Sunday, December 5, 2010

Vision (Brockway)

Tropic Sprockets by Ian Brockway

Hildegarde von Bingen was a nun in the 12th century. She is known for being a trailblazer for free expression within the church and her use of herbal remedies was way ahead of her time. Hildegarde was also an advocate of music therapy when it was virtually unknown. Some thought her a heretic because of her groundbreaking belief in the earth and the soul as one symbiotic and sacred element.

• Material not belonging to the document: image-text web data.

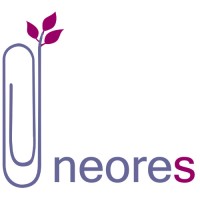 Neores logo, Neores contact details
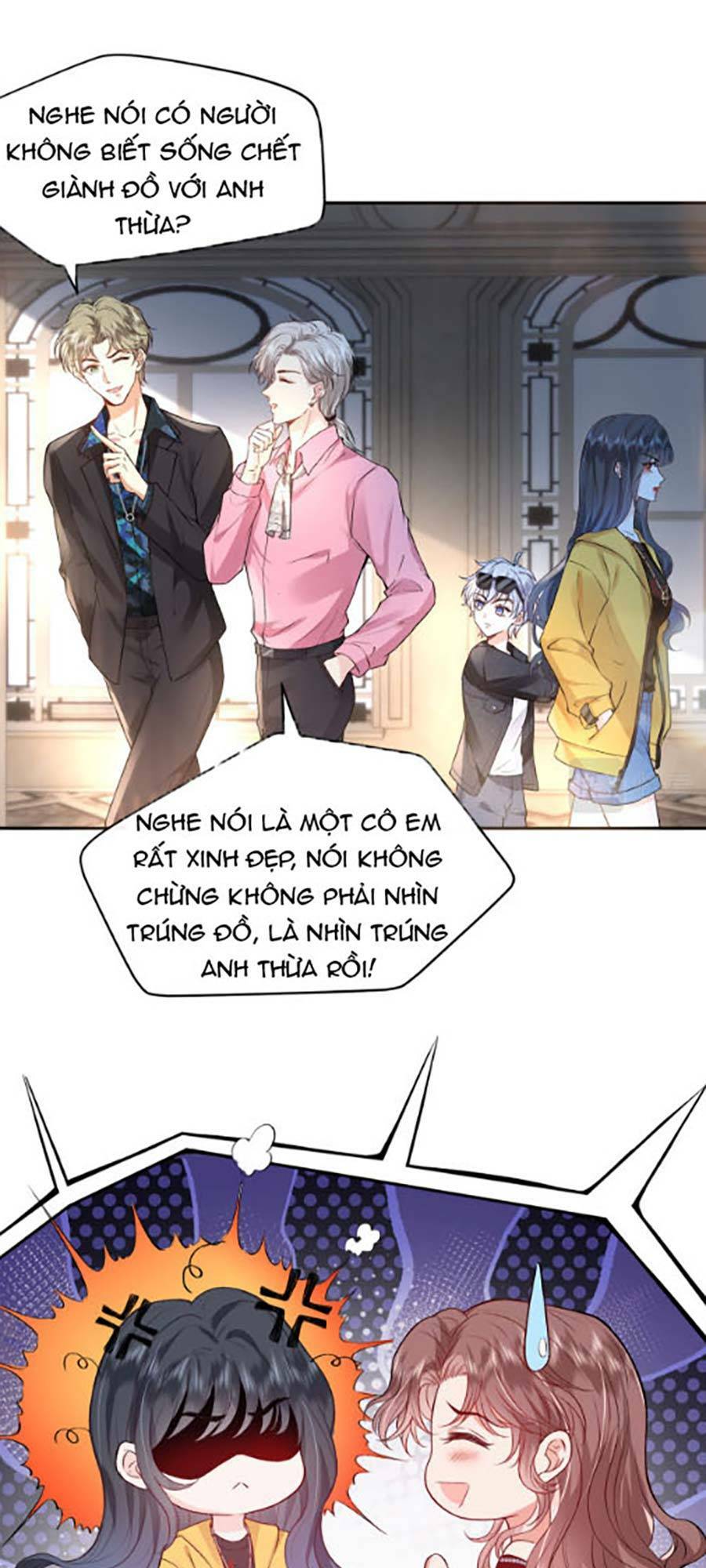 Vợ Của Lục Tổng Không Phải Dạng Vừa Chapter 2 - Trang 20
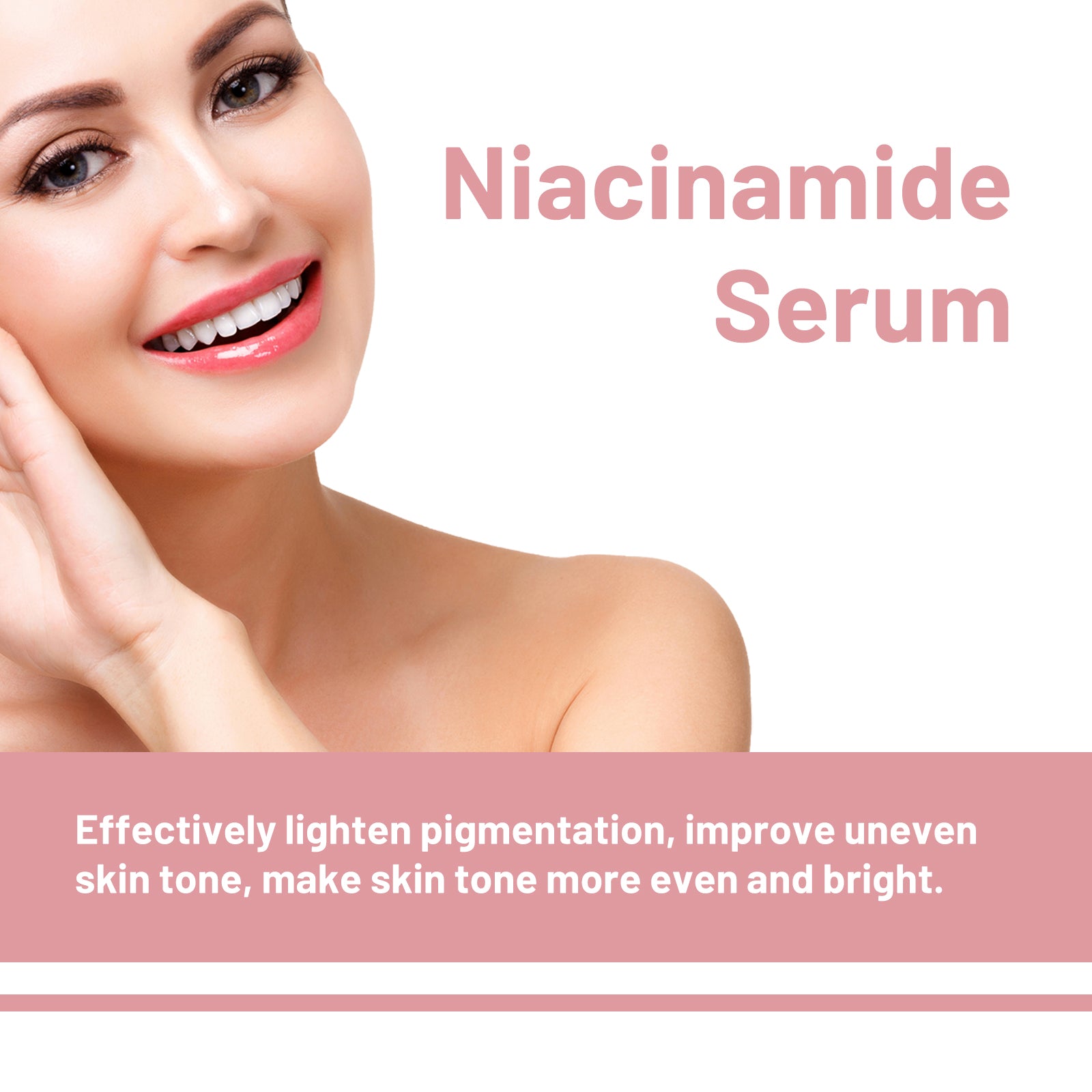 Hoygi Nicotinamide Serum Hydrates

Hildegarde was austere fierce and heroic, and the film "Vision" brings her both earthy and ethereal presence to life. From the very start, dirt is ever-present and men are flogging themselves in near darkness. A mural is shown highlighting demons. Everyone thinks the world will end.

No this is not "The Da Vinci Code". The tone in this film is as organic as its subject. The movement is meditative and circular; the camera allows the viewer to linger as if he/she was a medieval dove. The cinematography has thankfully, more in common with Vermeer than Ron Howard, and the film benefits from it.

The woman embodied in Hildegarde von Bingen however, for her time, is every bit as scandalous as Dan Brown. She sees plants as harmonious entities that mirror mens' souls, she sees the concept of healing as human business rather than Divine will and she calls for an expansion of female leadership within the Order.

As portrayed by Barbara Sukowa, Hildegarde is richly rendered as an earthly shaman ahead of her time. Hildegarde sweats, charges and runs. She is not merely an historical archetype. Hildegarde forges ahead in mud and muck, through forest and feild. Resolute and unconventional, she has much in keeping with Gandhi's rejection of the caste system: she encourages the Sisters to dirty their hands with hard physical labor.

Walking through every task, one gets the notion that all the elements move within her and that nothing human or natural was verboten to her. Hildegarde is not adverse to laughing or the mention of sex. Providing it is in word only. To see "Vision" is to get a tangible concrete feeling of this oddly rebellious woman of the cloister.

And I didn't wish once for a lurking albino monk.